Do we really need the revert as a particular case? #175

@demilatof

Description

@demilatof

Since something has gone wrong during the testing session on revert, we have asked @janinamincer-daszkiewicz and I discovered that she changed again the revert scenarios after the workshop in Thessaloniki.
Therefore, now I learnt that:

  1. "If one of the partners approves the new version of the other partner, we have a new pair of mutually approved copies.."
  2. "A new mutual approval means that we cannot revert to the previous mutual approval. We can (in the future) revert to this new mutual approval."

The need for the revert has been justified so: "DG EAC saying many times that what they want to avoid on a business level is to force approvals which are not needed."

But if we consider that now should be commonly accepted that the Approval API must return always the last approved IIA Hash, it's clear that the "revert" doesn't require any extra approval if considered as a normal amendment:

  • If we approve the amendment, the partner cannot revert (and he has to approve our copy only if needed at a business level)
  • If we don't approve the amendment, the partner can revert or not, and in both of the cases we keep on returning the last approved IIA-Hash, that is the same of his current version if he reverts (he can do whatever he likes better).

I show hereafter all the scenarios, in a short way (avoiding CNR, Get and so on step by step, that are needed anyway).

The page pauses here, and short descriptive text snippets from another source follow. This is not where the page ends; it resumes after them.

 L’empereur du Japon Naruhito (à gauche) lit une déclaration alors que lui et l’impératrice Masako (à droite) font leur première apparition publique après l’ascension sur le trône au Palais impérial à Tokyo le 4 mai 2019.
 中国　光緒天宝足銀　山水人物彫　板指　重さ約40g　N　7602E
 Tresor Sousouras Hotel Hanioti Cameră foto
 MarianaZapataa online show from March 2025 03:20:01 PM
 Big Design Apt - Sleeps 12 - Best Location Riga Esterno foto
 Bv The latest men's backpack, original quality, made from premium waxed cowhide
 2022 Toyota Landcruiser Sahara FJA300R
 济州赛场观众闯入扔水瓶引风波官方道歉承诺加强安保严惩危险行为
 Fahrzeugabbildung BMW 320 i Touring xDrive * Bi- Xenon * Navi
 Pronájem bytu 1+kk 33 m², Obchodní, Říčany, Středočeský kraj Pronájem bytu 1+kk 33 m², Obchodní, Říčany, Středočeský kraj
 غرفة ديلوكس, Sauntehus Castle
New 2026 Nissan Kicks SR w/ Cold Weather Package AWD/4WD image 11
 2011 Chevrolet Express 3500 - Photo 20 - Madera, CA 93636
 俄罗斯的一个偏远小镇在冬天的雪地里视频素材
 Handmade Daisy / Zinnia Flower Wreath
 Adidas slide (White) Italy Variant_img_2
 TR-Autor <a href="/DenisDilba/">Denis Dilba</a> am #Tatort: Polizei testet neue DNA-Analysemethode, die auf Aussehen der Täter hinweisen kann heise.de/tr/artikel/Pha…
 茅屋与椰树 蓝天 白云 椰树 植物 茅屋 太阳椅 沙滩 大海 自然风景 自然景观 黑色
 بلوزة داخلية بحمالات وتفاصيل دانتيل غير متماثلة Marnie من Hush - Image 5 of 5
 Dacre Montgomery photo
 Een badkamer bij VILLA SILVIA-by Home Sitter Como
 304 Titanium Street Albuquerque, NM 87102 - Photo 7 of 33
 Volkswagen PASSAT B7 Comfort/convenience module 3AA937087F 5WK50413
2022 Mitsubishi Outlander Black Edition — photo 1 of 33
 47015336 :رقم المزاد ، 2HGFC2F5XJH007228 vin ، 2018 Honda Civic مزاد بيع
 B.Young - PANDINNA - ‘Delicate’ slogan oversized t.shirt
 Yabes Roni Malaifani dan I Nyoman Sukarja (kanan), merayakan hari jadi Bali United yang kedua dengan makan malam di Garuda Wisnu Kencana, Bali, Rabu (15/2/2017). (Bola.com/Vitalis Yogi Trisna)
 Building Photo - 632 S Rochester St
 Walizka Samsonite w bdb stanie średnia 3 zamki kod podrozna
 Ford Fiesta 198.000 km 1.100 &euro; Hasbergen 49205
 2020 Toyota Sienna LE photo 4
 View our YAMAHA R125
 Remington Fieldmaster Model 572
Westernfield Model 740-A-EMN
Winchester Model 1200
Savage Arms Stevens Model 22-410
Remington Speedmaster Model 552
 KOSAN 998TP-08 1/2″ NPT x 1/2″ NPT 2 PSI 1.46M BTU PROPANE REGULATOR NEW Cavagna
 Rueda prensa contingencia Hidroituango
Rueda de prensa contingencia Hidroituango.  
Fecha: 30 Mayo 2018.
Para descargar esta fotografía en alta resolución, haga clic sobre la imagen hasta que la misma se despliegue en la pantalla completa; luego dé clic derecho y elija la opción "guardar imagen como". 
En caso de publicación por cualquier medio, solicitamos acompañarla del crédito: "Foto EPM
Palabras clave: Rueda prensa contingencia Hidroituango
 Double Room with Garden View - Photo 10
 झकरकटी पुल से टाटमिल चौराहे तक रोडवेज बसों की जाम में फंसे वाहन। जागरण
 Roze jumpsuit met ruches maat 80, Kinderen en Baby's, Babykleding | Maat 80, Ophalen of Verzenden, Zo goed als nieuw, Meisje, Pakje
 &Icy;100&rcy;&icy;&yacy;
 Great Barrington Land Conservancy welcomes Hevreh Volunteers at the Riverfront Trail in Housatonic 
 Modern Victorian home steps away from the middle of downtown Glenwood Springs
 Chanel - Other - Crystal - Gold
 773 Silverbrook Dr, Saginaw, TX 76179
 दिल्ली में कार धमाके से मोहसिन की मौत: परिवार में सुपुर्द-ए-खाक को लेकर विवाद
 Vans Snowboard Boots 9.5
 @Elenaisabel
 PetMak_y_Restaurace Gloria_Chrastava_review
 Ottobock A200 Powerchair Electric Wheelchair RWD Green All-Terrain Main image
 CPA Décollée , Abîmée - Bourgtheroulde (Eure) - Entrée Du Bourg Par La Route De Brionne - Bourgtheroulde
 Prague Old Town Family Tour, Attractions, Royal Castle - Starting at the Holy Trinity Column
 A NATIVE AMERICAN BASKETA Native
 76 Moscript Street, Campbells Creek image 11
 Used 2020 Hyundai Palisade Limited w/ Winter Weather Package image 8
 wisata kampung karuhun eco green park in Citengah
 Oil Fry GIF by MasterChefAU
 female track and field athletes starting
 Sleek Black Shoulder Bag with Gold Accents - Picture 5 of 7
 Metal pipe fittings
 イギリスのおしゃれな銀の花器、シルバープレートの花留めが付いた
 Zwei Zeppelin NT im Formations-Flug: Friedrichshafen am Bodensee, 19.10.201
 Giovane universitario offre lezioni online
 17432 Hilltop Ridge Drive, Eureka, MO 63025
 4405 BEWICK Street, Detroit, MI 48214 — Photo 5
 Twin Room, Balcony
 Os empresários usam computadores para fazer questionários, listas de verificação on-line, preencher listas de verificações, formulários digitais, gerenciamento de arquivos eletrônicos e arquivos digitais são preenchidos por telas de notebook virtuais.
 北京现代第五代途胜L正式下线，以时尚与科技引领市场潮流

There isn't any step that requires a not needed approval on a business level just to satisfy the revert on a technical level if managed as a normal amendment. If there is, please show me where.

On my opinion, the revert should be excluded from the testing sessions, and the saved time used to test more critical function to avoid issues like the empty index or the wrong IIA hash in the approval response.

Scenarios when both of the partners start to modify before reverting (you can imagine it as a second amendment)
revert both modify

Scenarios when only one of the partners start to modify before reverting (you can imagine it as a second amendment)
revert only one modifies

Since the scenarios changed after the 4th march, 2024, what about all the testing session concluded before that date?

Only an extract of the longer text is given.